Abstract

AbstractAtmospheric rivers (ARs) account for more than 90% of the total meridional water vapor flux in midlatitudes, and 25–50% of the annual precipitation in the coastal western United States. In this study, reflectivity profiles from the Global Precipitation Measurement Dual‐Frequency Precipitation Radar (GPM‐DPR) are used to evaluate precipitation and temperature characteristics of ARs over the western coast of North America and the eastern North Pacific Ocean. Evaluation of GPM‐DPR bright‐band height using a network of ground‐based vertically pointing radars along the West Coast demonstrated exceptional agreement, and comparison with freezing level height from reanalyses over the eastern North Pacific Ocean also consistently agreed, indicating that GPM‐DPR can be used to independently validate freezing level in models.
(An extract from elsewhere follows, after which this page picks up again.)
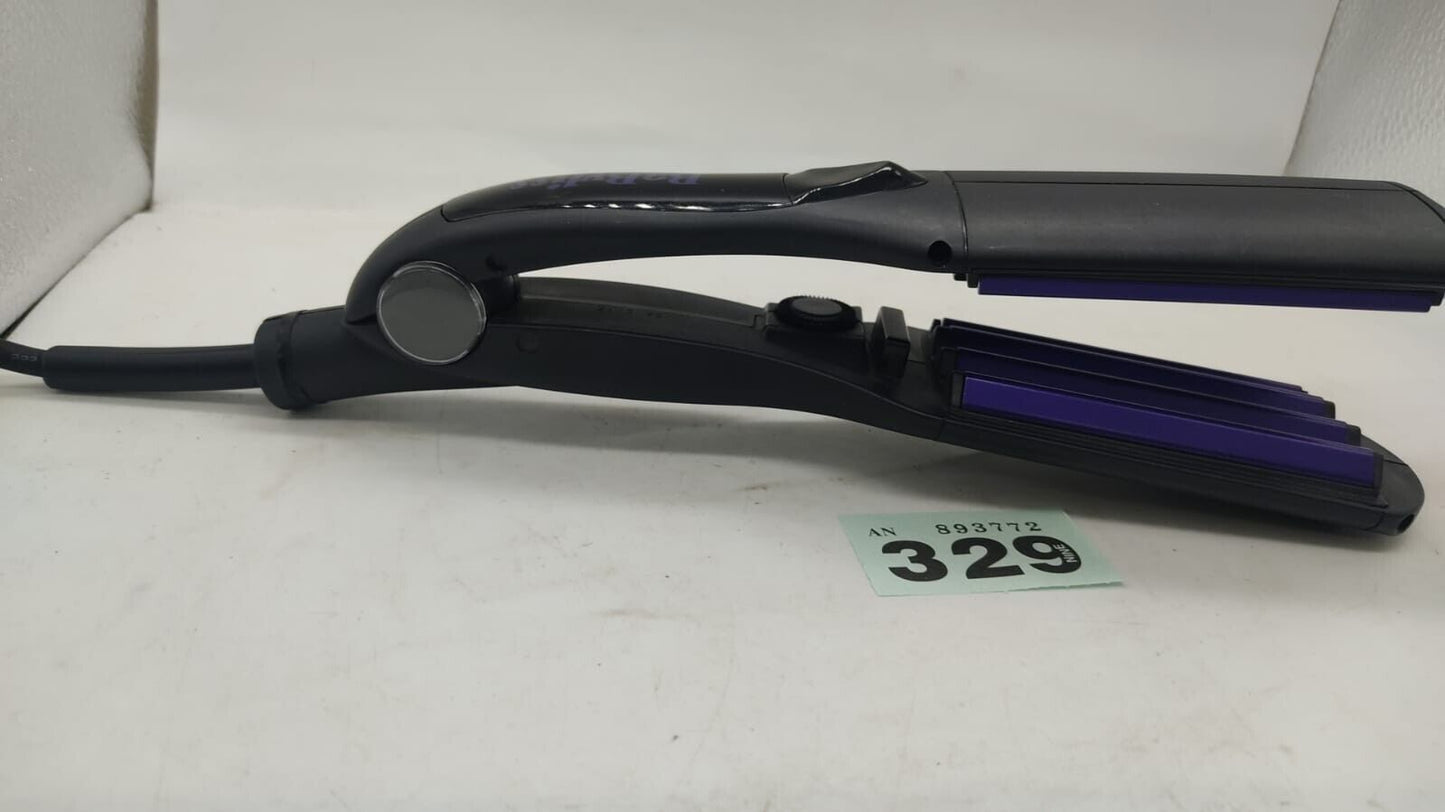 Babyliss C51c Electric Hair Crimpers Purple Black. Tested Working. Used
However, precipitation comparison with gridded observations across the western United States indicated deficiencies in GPM‐DPR's ability to reproduce the spatial distribution of winter precipitation, likely related to sampling frequency. Over the geographically homogeneous oceanic portion of the domain, sampling frequency was not problematic, and significant differences in the frequency and intensity of precipitation between GPM‐DPR and reanalyses highlighted biases in both satellite‐observed and modeled AR precipitation. Reanalyses precipitation rates below the minimum sensitivity of GPM‐DPR accounted for a 20% increase in total precipitation, and 25% of radar‐derived precipitation rates were greater than the 99th percentile precipitation rate in reanalyses. Due to differences in the proportions of precipitation in convective, stratiform bright‐band, and non‐bright‐band conditions, AR conditions contributed nearly 10% more to total precipitation in GPM‐DPR than reanalyses.